BRIEF —
Please copy each line of the listing that includes the string "pole".

*** MATERIAL PROVIDED

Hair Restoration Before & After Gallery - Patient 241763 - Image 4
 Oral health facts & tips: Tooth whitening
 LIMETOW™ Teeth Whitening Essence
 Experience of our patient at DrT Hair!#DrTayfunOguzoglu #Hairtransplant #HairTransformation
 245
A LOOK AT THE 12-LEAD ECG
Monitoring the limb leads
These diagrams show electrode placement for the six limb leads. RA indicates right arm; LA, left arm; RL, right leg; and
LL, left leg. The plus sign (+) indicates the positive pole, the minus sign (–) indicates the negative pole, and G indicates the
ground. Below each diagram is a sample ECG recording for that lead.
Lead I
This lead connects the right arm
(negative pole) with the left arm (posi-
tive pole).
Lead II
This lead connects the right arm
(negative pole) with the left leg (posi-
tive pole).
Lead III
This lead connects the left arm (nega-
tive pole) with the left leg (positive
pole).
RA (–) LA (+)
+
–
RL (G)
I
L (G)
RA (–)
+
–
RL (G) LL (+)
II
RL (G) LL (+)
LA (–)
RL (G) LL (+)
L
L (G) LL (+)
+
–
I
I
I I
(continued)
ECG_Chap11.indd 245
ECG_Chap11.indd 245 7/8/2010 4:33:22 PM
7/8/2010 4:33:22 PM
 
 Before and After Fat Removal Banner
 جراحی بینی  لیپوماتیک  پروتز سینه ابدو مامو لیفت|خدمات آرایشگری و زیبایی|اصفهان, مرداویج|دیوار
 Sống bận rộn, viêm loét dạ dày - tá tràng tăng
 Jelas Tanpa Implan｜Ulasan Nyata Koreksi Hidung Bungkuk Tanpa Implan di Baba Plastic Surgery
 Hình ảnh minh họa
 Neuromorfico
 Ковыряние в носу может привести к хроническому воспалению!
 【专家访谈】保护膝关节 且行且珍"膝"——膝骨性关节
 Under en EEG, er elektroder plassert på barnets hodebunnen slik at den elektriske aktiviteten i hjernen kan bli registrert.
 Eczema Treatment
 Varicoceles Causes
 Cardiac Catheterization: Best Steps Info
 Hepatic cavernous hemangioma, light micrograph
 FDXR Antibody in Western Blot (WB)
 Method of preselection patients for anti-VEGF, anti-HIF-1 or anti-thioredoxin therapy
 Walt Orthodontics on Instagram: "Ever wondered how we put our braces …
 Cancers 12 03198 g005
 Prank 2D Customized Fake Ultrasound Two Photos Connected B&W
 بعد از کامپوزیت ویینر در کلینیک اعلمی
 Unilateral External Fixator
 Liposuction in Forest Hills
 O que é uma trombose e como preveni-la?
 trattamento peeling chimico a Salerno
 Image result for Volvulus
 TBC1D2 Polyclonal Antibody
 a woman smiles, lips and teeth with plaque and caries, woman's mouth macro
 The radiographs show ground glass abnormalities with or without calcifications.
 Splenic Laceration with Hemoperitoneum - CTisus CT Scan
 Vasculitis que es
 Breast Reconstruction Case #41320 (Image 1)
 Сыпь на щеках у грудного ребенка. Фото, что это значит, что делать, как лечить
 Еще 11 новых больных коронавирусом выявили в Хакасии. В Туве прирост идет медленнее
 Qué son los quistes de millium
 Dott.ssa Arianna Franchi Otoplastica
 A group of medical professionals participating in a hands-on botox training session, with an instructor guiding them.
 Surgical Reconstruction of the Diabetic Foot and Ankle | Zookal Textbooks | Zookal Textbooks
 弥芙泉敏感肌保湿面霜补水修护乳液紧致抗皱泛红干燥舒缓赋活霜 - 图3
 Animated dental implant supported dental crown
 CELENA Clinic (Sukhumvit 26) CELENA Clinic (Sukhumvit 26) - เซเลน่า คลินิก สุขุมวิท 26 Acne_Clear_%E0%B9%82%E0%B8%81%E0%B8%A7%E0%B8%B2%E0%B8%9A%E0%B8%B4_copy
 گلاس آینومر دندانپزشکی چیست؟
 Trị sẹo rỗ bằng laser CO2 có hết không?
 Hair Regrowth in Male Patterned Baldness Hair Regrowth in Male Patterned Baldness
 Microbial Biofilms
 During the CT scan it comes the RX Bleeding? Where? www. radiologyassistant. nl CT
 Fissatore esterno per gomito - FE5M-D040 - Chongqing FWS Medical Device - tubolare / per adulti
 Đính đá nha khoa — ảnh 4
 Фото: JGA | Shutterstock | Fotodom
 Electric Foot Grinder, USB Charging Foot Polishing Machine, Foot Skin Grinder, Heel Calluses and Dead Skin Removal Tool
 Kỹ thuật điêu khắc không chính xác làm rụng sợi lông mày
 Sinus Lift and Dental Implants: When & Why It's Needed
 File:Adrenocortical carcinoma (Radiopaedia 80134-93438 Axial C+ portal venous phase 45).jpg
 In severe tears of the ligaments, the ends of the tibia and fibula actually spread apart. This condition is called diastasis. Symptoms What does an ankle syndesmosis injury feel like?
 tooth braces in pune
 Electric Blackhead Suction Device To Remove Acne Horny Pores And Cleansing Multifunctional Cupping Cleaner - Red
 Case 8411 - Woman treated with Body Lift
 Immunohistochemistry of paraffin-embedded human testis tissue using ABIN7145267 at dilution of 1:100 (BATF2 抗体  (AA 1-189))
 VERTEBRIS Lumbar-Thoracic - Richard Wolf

******

ANSWER BOX —
LL, left leg. The plus sign (+) indicates the positive pole, the minus sign (–) indicates the negative pole, and G indicates the
(negative pole) with the left arm (posi-
tive pole).
(negative pole) with the left leg (posi-
tive pole).
tive pole) with the left leg (positive
pole).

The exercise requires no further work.